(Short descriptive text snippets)
--- --- ---
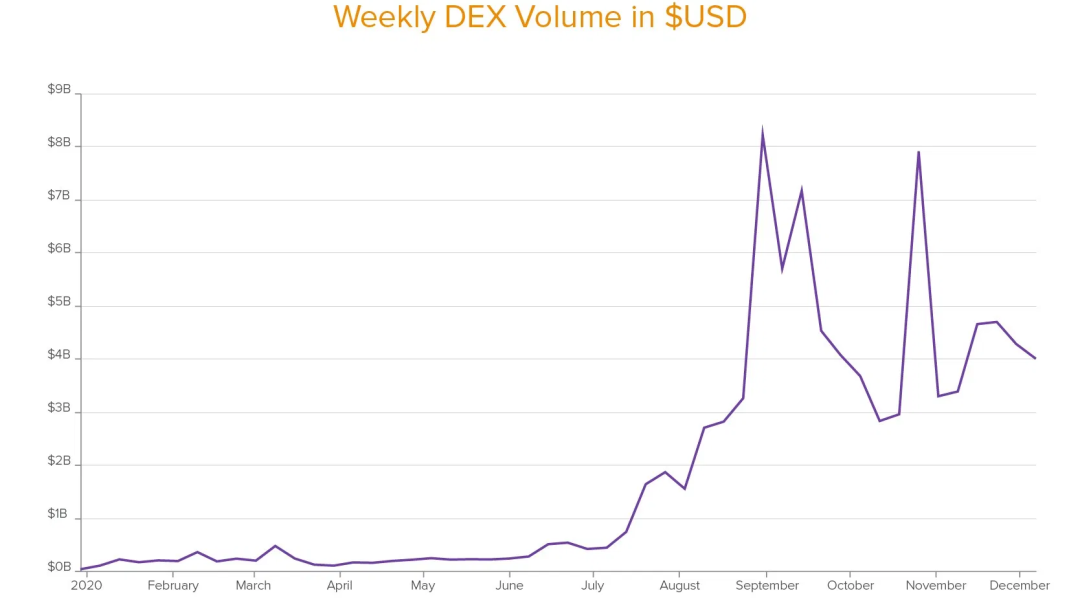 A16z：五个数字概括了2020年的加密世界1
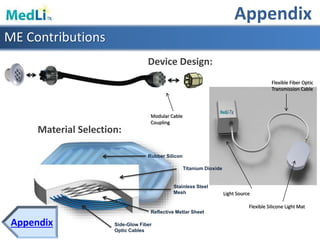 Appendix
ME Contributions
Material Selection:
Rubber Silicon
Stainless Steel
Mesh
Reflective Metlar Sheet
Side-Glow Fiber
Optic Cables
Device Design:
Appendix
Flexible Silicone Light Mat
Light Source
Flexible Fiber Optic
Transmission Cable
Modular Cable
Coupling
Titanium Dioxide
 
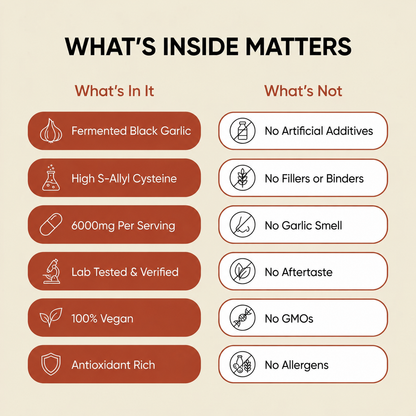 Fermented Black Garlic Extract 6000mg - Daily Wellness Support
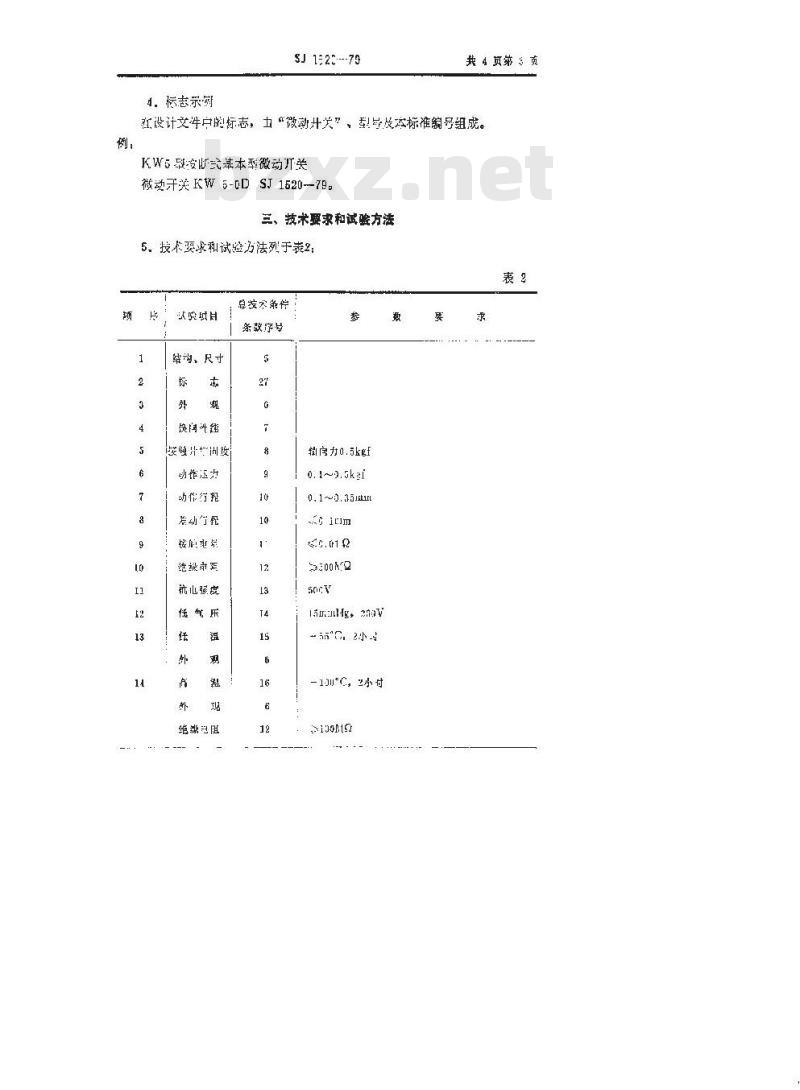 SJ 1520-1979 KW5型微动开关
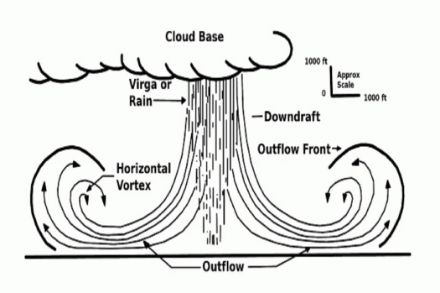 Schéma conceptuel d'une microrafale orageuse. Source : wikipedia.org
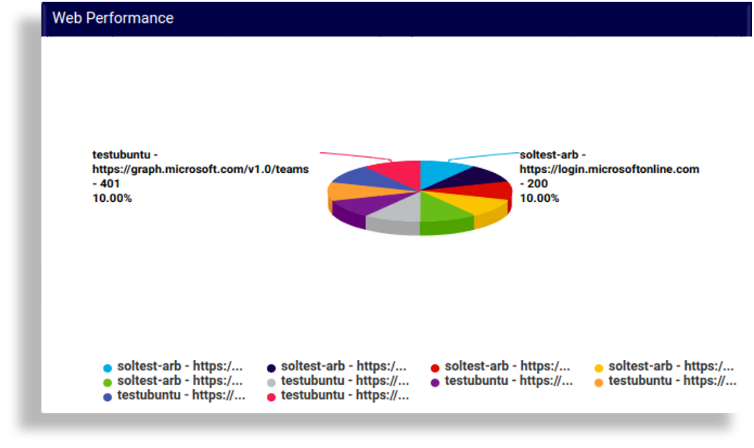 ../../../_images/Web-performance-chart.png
--- --- ---
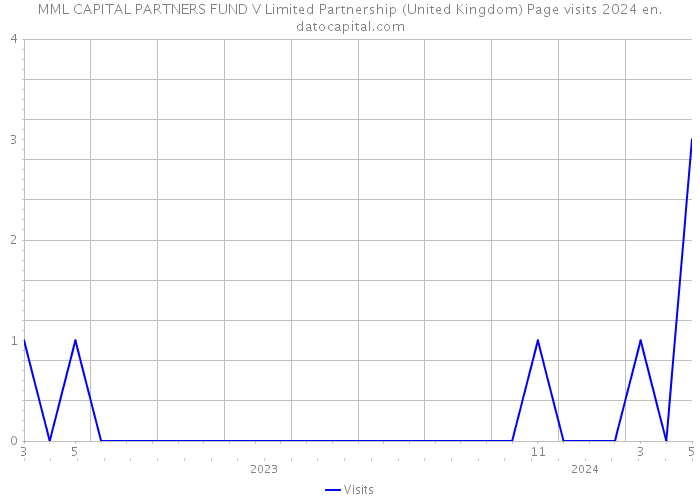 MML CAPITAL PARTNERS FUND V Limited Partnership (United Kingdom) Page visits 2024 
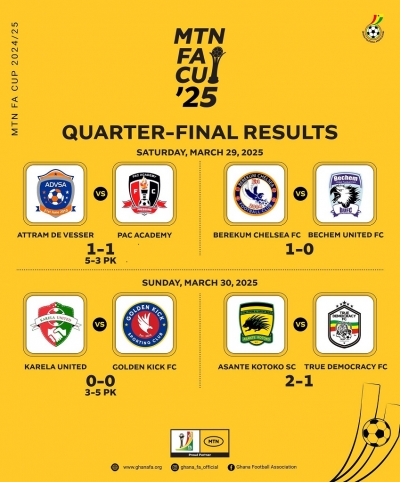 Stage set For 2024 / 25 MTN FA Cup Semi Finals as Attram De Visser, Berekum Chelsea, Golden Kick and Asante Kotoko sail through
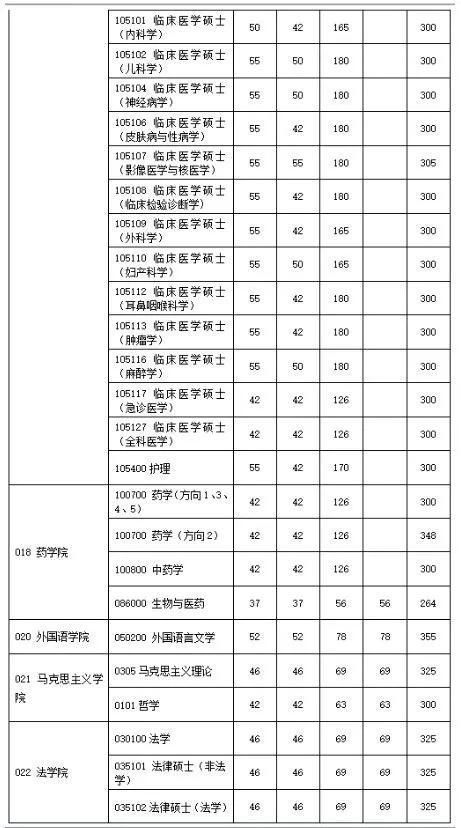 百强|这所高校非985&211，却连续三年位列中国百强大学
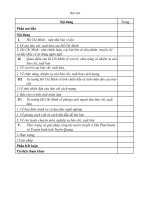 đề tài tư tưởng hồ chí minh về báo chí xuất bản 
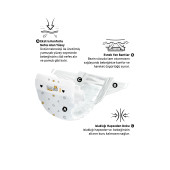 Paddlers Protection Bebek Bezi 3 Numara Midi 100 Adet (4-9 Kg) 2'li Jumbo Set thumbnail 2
--- --- ---
**WORK ORDER**
Would you output the lines above from the line holding "Flexible Fiber Optic" up to and including the line holding "Schéma conceptuel d'une", exactly and only those, with no pictures?

**TASK SOLUTION**
Flexible Fiber Optic
Transmission Cable
Modular Cable
Coupling
Titanium Dioxide
 
 Fermented Black Garlic Extract 6000mg - Daily Wellness Support
 SJ 1520-1979 KW5型微动开关
 Schéma conceptuel d'une microrafale orageuse. Source : wikipedia.org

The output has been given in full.